LLC start up costs--reimburse?

8 Replies

I know this is kind of an odd question, but is the LLC required to reimburse me for its start up costs (since I paid for those in my own name)?

For example, the formation company offered a discount for buying multiple years of registered agent service, which I paid for with a credit card that's in my own name. Since this was done before the LLC existed, can I just leave it as is, or does the LLC need to reimburse me for that expense? Thanks.

Interesting question. My guess (emphasize guess) is any funds you personally disbursed are considered a capital contribution. Once your LLC makes money and has retained earnings, you can take a draw to "pay back" what you contributed. The sticky part is where you place all these payments on your tax return.

I'm not a CPA, but I'd guess that there is no requirement for the business to repay you for formation costs and that by not repaying yourself, you're not at risk of commingling. That said, if you want to get repaid, treat it as a loan, and repay the loan to yourself from company funds (well documented, of course).

That is what I think too. Can a CPA answer questions of this sort (i.e. about co-mingling and the corporate veil)? I need to go to the CPA anyway at some point within the next few months so I would like to kill two birds with one stone and ask him or her about this issue.

I'm happy to answer this question as it is an easy one. Your expenses are considered a capital contribution to the business. When you pay yourself back you will not have to do it as a loan. You may simply either: 1) issue yourself a documented reimbursement by making a detailed list of what you are being reimbursed for and include the receipts in your records OR 2) you may just pay yourself a distribution at any point as a draw from the capital account.

Either way you are not commingling funds; you just have to be sure to document that the contribution was made to the business, and/if you take a draw for the amount contributed you document it correctly by paying yourself with a check from the business.

-Steven the Tax Guy

Your guide to IRS laws, rules, and regulations.

Originally posted by Steven Hamilton II:
I'm happy to answer this question as it is an easy one.
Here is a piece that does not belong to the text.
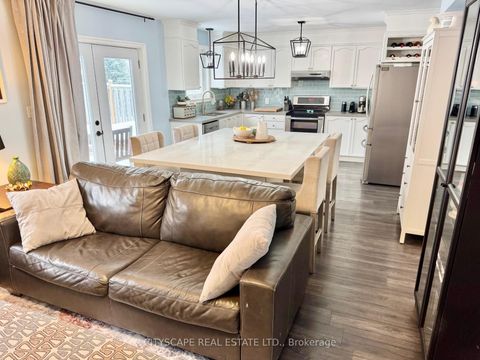 Photo 4 at 189 Churchland Drive, Holly, Barrie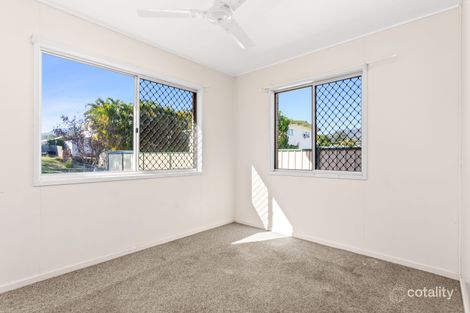 Property photo of 2/321 Blanchfield Street Koongal QLD 4701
Your expenses are considered a capital contribution to the business. When you pay yourself back you will not have to do it as a loan. You may simply either: 1) issue yourself a documented reimbursement by making a detailed list of what you are being reimbursed for and include the receipts in your records OR 2) you may just pay yourself a distribution at any point as a draw from the capital account.

Either way you are not commingling funds; you just have to be sure to document that the contribution was made to the business, and/if you take a draw for the amount contributed you document it correctly by paying yourself with a check from the business.

-Steven the Tax Guy

Your guide to IRS laws, rules, and regulations.

Thanks Steven for sharing your expertise with us once again....

Is it okay to just document these start up cost as a contribution in my corporate kit, or do I actually need to write a check and reimburse myself to be safe? Thanks.

Bienes,

You may do either one; however, be sure to keep the receipts together in your corporate records as a capital contribution just as thought you contributed cash to the company.

-Steven the Tax Guy

Your guide to IRS Laws, Rules and Regulations

Originally posted by Steven Hamilton II:
Bienes,

You may do either one; however, be sure to keep the receipts together in your corporate records as a capital contribution just as thought you contributed cash to the company.

-Steven the Tax Guy

Your guide to IRS Laws, Rules and Regulations

great--thanks again!

I have been researching this issue and my research seems to say that startup costs are tax deductible even if made personally before the business started.  Wouldn't it make more sense to classify this as an expense than just a reimbursement?  Couldn't the company reimburse yourself for the amounts expended, and then deduct that reimbursement as a business expense?